Conversamos com Helen Brand, parceire de produtividade e sistemas na equipe de People Operations, que falou sobre sua jornada inspiradora rumo à autoaceitação, sobre como o fato de assumir a não binariedade mudou sua vida e sobre o conselho para que outras pessoas explorem suas identidades de gênero.

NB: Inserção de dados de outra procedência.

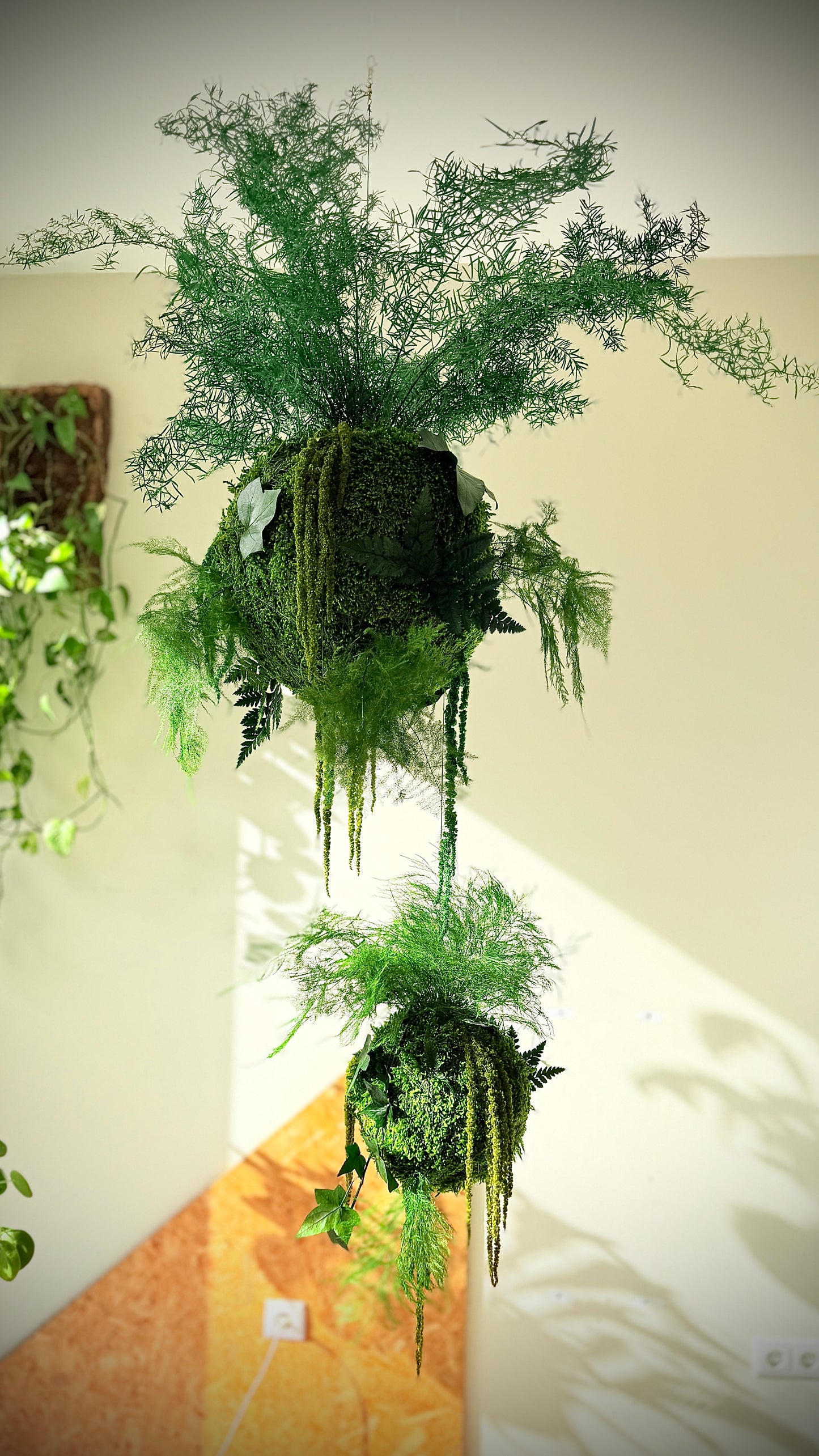 Kokedama preservado Colecção TERRAE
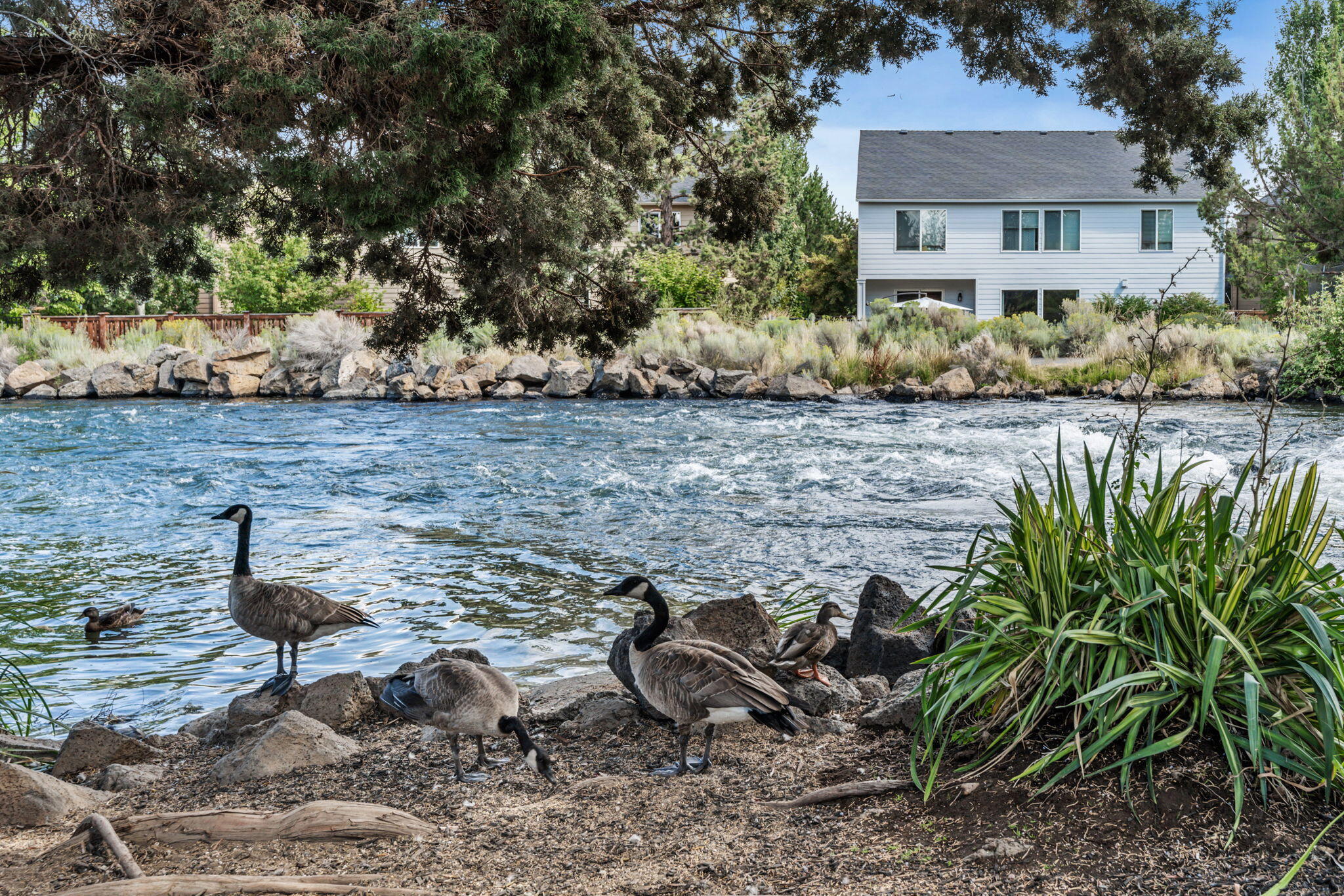 Terrango Crossings - Residential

Quando você entrou na WiseTech?

Entrei para a WiseTech em 2017, em regime de trabalho casual, para ocupar um cargo de assistente de administração. Depois trabalhei na equipe jurídica por 18 meses, até me juntar a People Operations em novembro de 2018, uma equipe que ajudei a fundar. Hoje, sou parceire de produtividade e sistemas de toda a área de RH (People), sendo minha sede em Sydney.

Antes de entrar para a WiseTech, trabalhei no setor de hotelaria e, como enfermeire, no setor de saúde. Por isso, nunca tinha realmente trabalhado em um escritório. A WiseTech foi um ambiente e uma experiência totalmente novos para mim, tendo sido maravilhoso ver como minha carreira cresceu e evoluiu desde então.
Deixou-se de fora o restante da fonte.